Pintasan.co, Semarang – Menjelang Hari Raya Idul Fitri, harga berbagai bahan pokok di Indonesia kembali melonjak signifikan.
Salah satu komoditas yang mencuri perhatian adalah cabai rawit merah, yang mengalami kenaikan harga sejak awal Maret 2025.
Berdasarkan data dari Sistem Informasi Harga dan Produksi Komoditi (SiHati) Provinsi Jawa Tengah, harga cabai rawit merah naik sekitar Rp 10 ribu per kilogram sejak awal bulan, dan pada pekan keempat Maret mencapai Rp 82 ribu hingga Rp 90 ribu per kilogram.

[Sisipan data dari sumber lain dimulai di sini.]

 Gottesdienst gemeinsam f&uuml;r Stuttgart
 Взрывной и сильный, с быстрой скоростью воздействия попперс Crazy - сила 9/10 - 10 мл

Situasi ini bahkan lebih buruk di pasar tradisional, seperti Pasar Johar Karangayu, Semarang, di mana harga cabai rawit merah mencapai Rp 90 – 95 ribu per kilogram.
Fenomena ini menurunkan daya beli masyarakat yang terpaksa mengeluarkan lebih banyak uang untuk kebutuhan pokok mereka.
Nur Kholis, seorang warga Semarang, menyatakan keprihatinannya terhadap pola kenaikan harga ini.
Menurutnya, lonjakan harga bukan hanya fenomena tahunan, tetapi lebih kepada manipulasi pasar yang sering terjadi menjelang hari raya.
“Cuaca dari dulu seperti ini, kalau tidak hujan ya panas. Namun, cuaca selalu dijadikan kambing hitam setiap kali harga cabai naik,” ujar Nur.
Ini mencerminkan ketidakpuasan masyarakat terhadap alasan yang sering disampaikan oleh pemerintah dan pelaku usaha terkait fluktuasi harga.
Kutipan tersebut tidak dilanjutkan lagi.